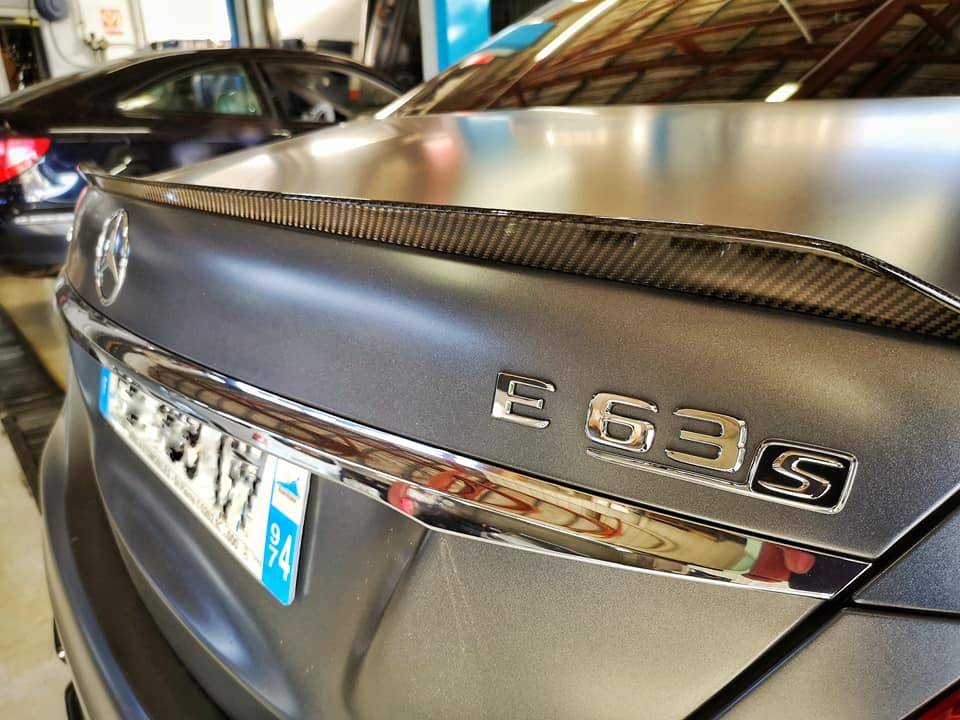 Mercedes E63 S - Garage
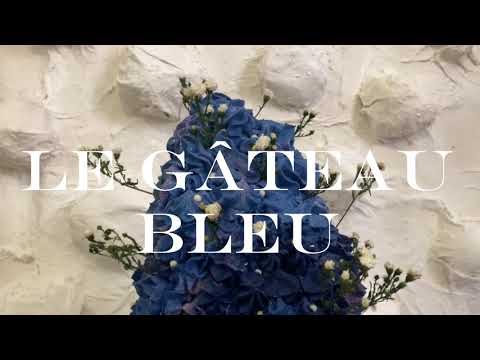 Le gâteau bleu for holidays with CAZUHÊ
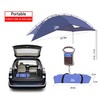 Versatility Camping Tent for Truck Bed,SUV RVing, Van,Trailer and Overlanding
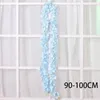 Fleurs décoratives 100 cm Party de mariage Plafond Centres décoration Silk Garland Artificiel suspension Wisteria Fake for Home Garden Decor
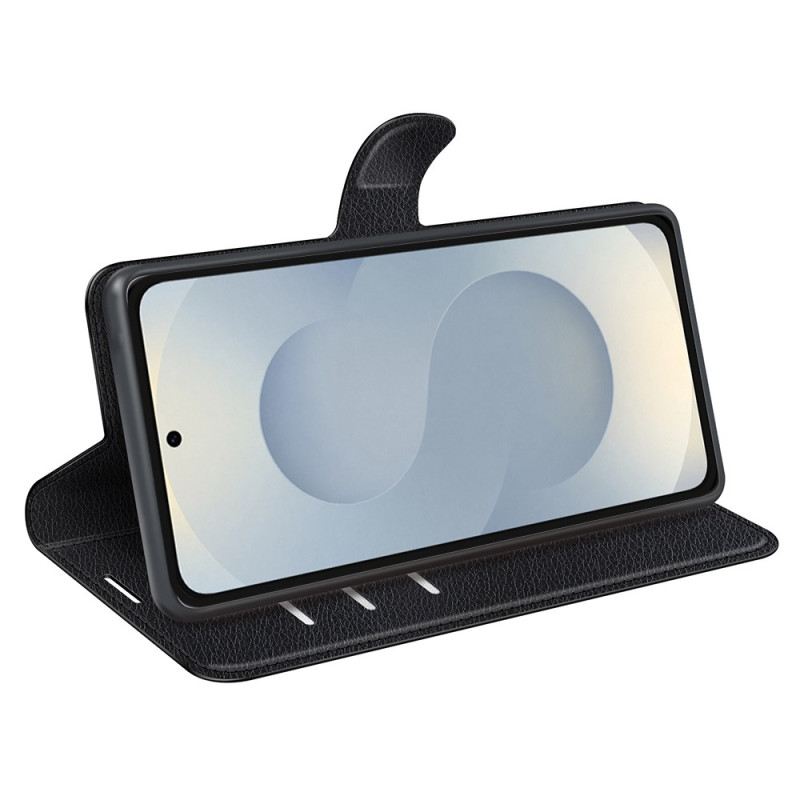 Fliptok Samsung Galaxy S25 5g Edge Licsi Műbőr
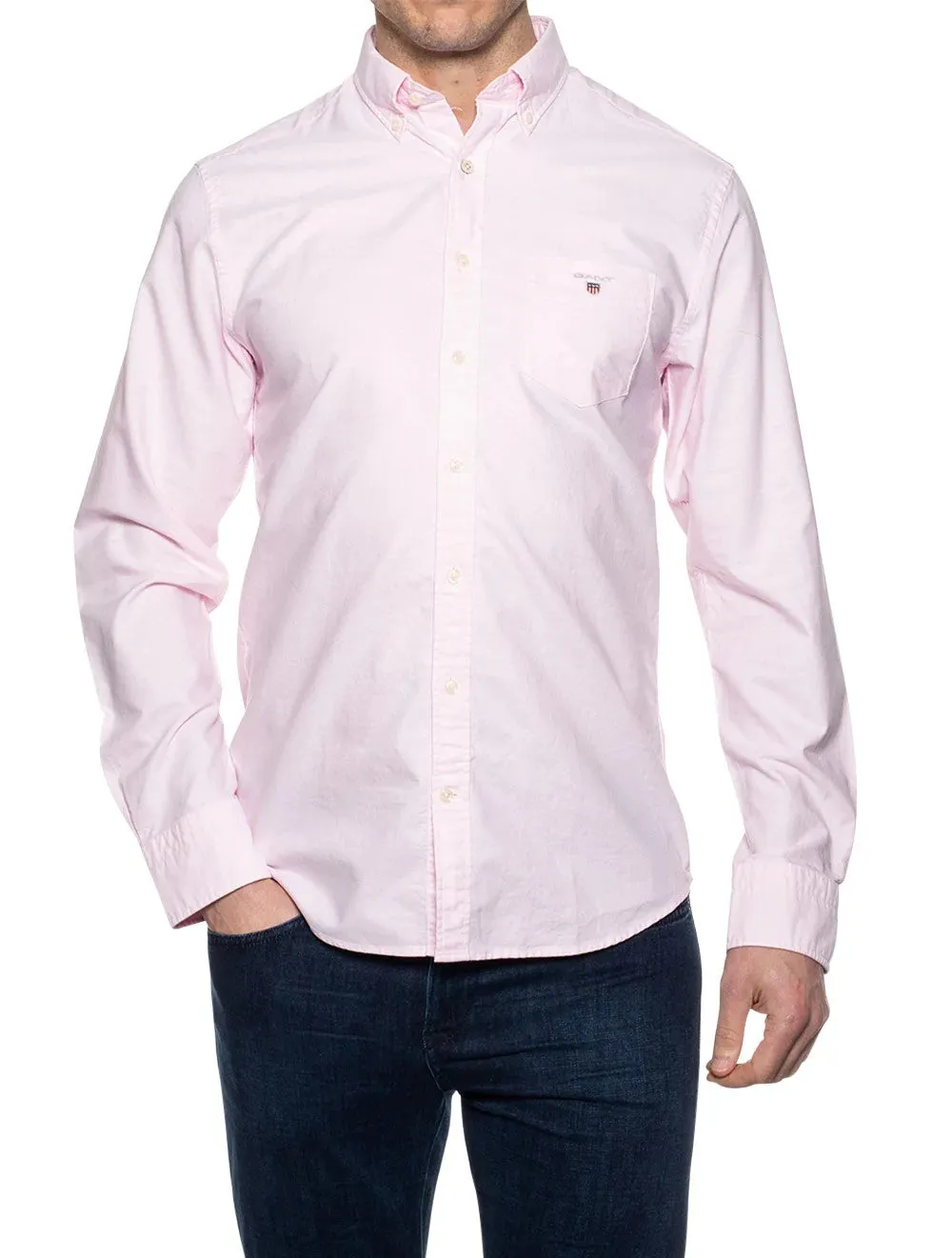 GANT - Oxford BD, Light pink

═══

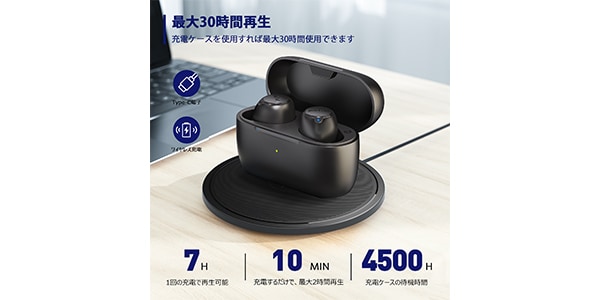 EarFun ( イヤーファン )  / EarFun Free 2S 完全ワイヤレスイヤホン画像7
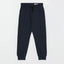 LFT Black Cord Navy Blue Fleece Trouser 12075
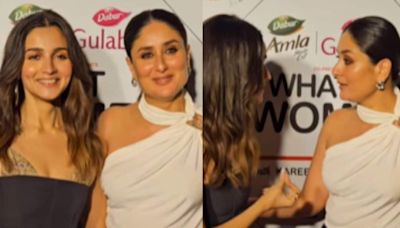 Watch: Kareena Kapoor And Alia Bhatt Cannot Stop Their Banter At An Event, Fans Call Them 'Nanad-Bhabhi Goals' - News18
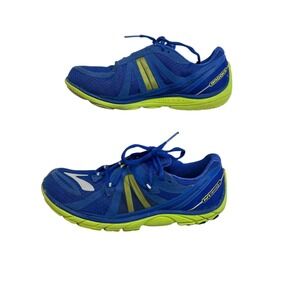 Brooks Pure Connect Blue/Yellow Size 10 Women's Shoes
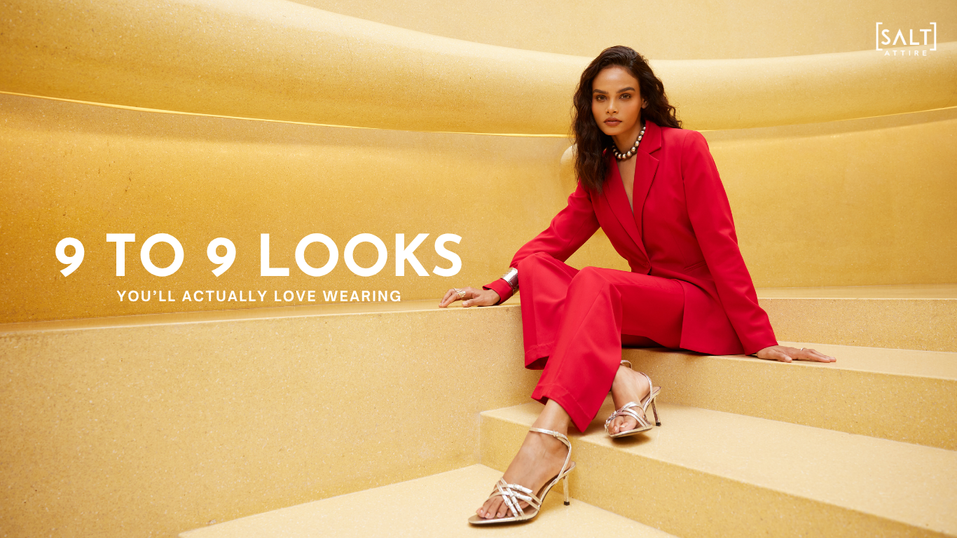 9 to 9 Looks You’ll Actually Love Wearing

═══

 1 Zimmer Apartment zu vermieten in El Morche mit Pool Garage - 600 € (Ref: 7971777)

═══

[Your assignment] In the records above, find the line with "Mercedes E63 S - Garage" and the line with "GANT - Oxford BD, Light pink"; please transcribe exactly those two lines and all lines between them, omitting any picture.

[Exercise answer]
 Mercedes E63 S - Garage
 Le gâteau bleu for holidays with CAZUHÊ
 Versatility Camping Tent for Truck Bed,SUV RVing, Van,Trailer and Overlanding
 Fleurs décoratives 100 cm Party de mariage Plafond Centres décoration Silk Garland Artificiel suspension Wisteria Fake for Home Garden Decor
 Fliptok Samsung Galaxy S25 5g Edge Licsi Műbőr
 GANT - Oxford BD, Light pink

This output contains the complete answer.